Reason and Religion in Late Seventeenth-Century England
The Politics and Theology of Radical Dissent
Christopher J. Walker
International Library of Historical Studies, vol. 84
London: I.B. Tauris, 2013
Hardback. ix + 302 p. ISBN 978-1780762920. £58.50
Reviewed by Rémy Duthille
Université Michel de Montaigne – Bordeaux 3
Christopher J. Walker’s book examines the controversies surrounding the doctrine of the Trinity, which postulated the division of the Godhead into three persons or hypostases. As the author explains in the preface, his interest in the topic stems from both his work on William Whiston (a disciple of Newton), and from a reflection on the current emphasis on faith to the detriment of reason in all discussions on religion. The seemingly arid and irrelevant subject is thus tied to central contemporary preoccupations, and Walker does a good job showing the significance of the struggle for religious freedom and free enquiry in all fields.
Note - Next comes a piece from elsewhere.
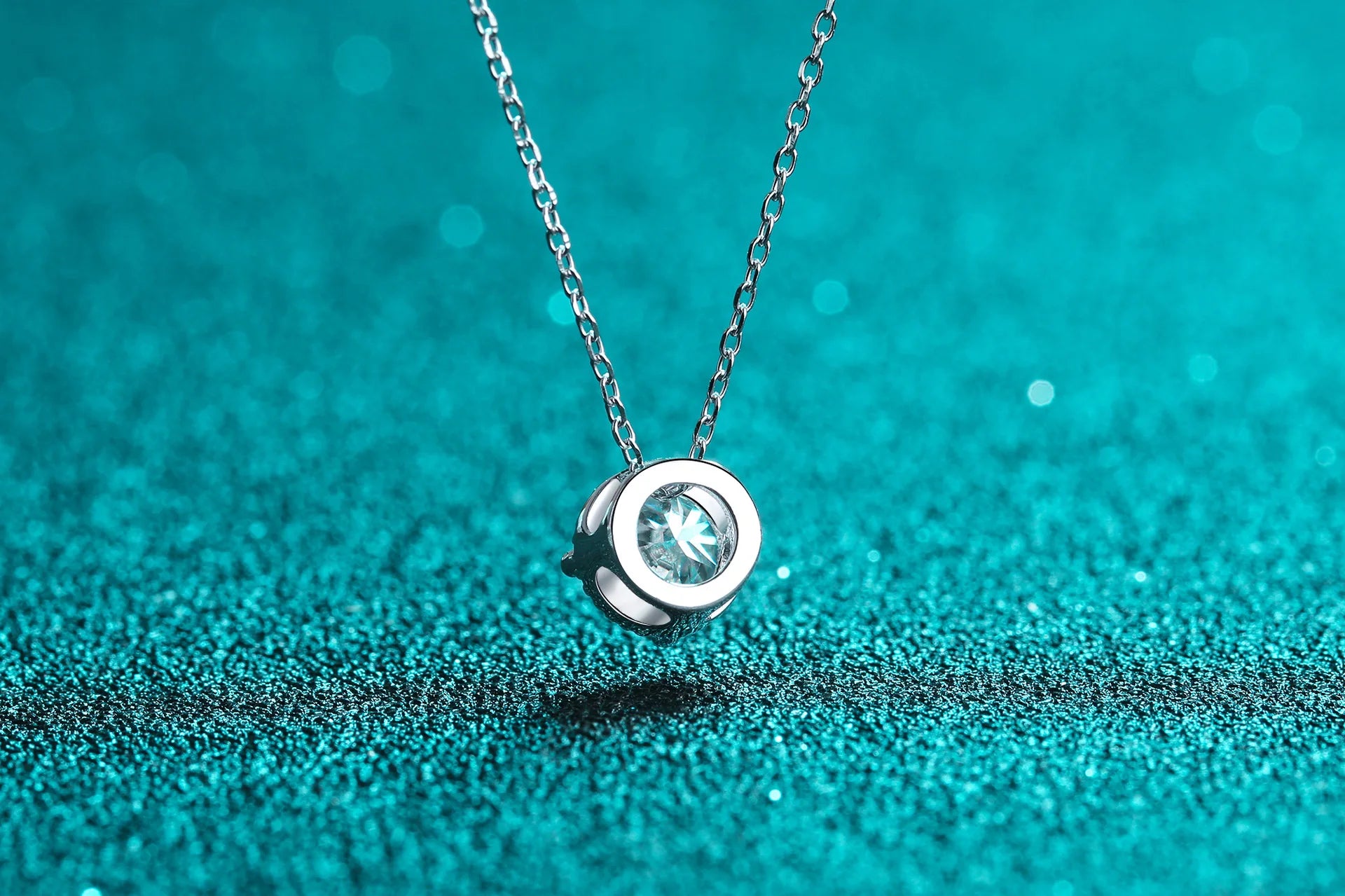 Vixonna Women's Moissanite Pendant Necklace 1ct Art Deco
Two themes form the warp and woof of the argument: the struggle for the right to rational enquiry in theological matters (“reason” being defined as “a spirit of free enquiry: the exercise of human intelligence, upon some form of truth or supposed truth, either religious or scientific” ), and the historical development of Unitarianism (or the belief in the unity of God, as opposed to the doctrine of the Trinity). The title of the book is something of a misnomer, as the discussion of “radical dissent” in “late seventeenth-century England” forms only the second half of the book (focused on the Trinitarian Controversy that raged from 1690 to 1698), while the first 150 pages or so are devoted to a review of the doctrine of the Trinity, and of the subsequent controversies that this creed had provoked since its origins in the third century.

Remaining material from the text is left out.